Read that post very carefully. You pick a film contrast based on the contrast in the scene and the contrast you want to achieve on paper. That tells you the development time. Once you have your development time, you will then achieve a particular film speed. The formal expression of this approach is BTZS, which you can read about in Phil Davis' book.
It's worth keeping in mind that a B&W negative is basically not going to suffer in any way whatsoever for a 1-stop over-exposure. So you can expose it anywhere from 200 to 400, process it normally (as if it was 400) and get good prints from it. So in the common case, NO reduction in development is actually necessary when shooting at a lower EI.
Usually people shoot at lower EIs because the contrast of the scene mandates a reduced development time. Say you have deep shadows and glinting highlights and want to maintain detail in both areas. Reducing development can help you get there (it has other side-effects but we'll ignore that) but the reduced development means that the film needs more exposure in order to not come out too thin and unprintable. For example, I sometimes shoot Pan-F (a contrasty ISO50 film) at about EI16 to EI25 because I like to reduce the contrast.

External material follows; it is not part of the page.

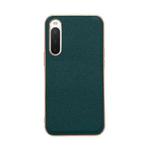 For Sony Xperia 10 IV Genuine Leather Luolai Series Nano Plating Phone Case(Dark Green)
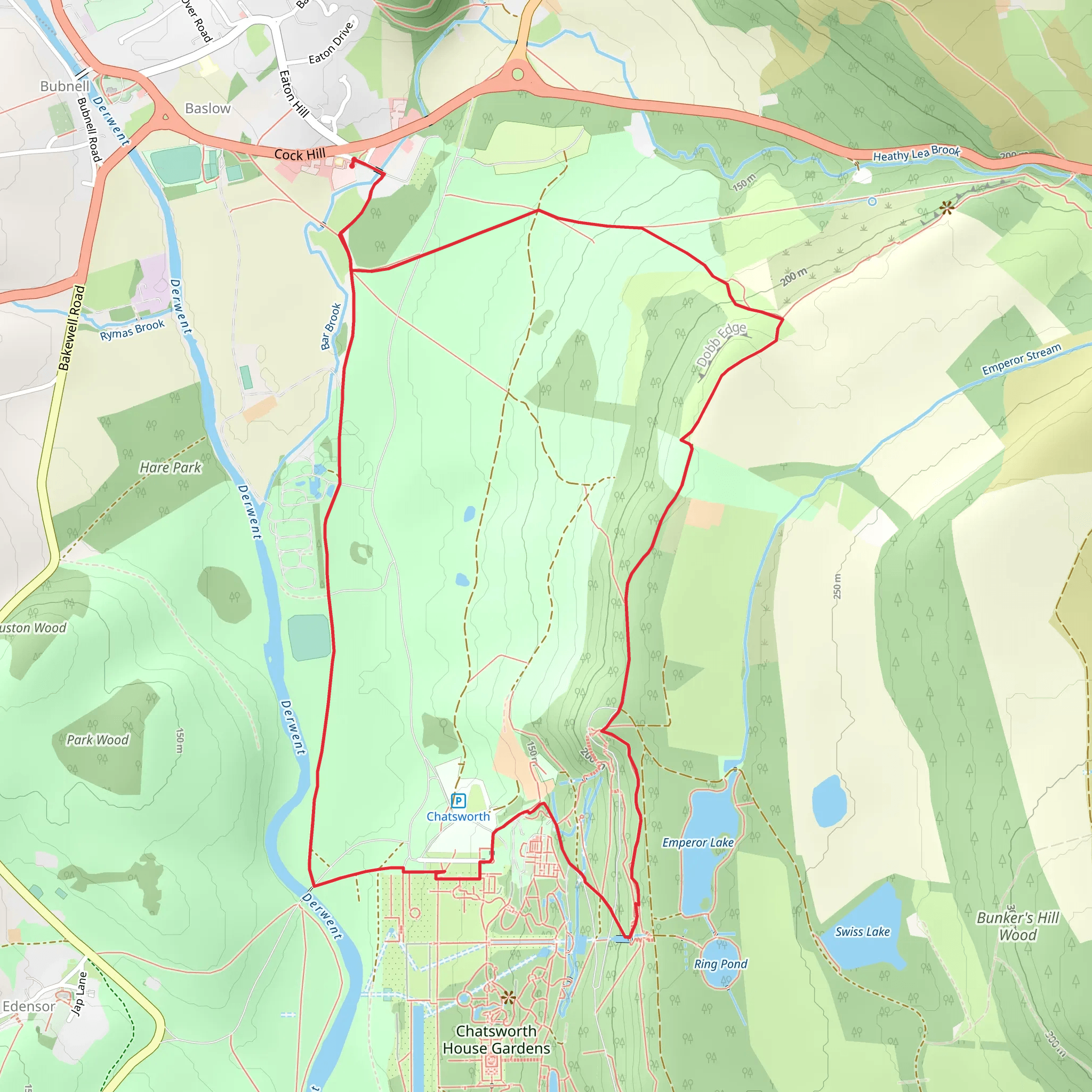 Chatsworth Park and Dobb's Edge Loop from Baslow mobile static map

So I think you have the causality backwards in your head. Instead of thinking "I wish to shoot at 200, how long do I develop for?", the approach is usually "I need to reduce contrast this much, how much exposure do I need?"
The "I want this speed" approach is really only taken for pushing, e.g. because you don't have enough light / shutter speed / aperture to get the photo without pushing. Note that pushing to higher EIs doesn't magically increase the film speed, i.e. Tri-X "pushed to 1600" doesn't achieve ISO1600 sensitivity. What happens is that a mid-tone will still come out as a midtone, some shadow detail will be lost and highlight detail will become un-printably bright. So pushing generally works best in scenes of very narrow dynamic range.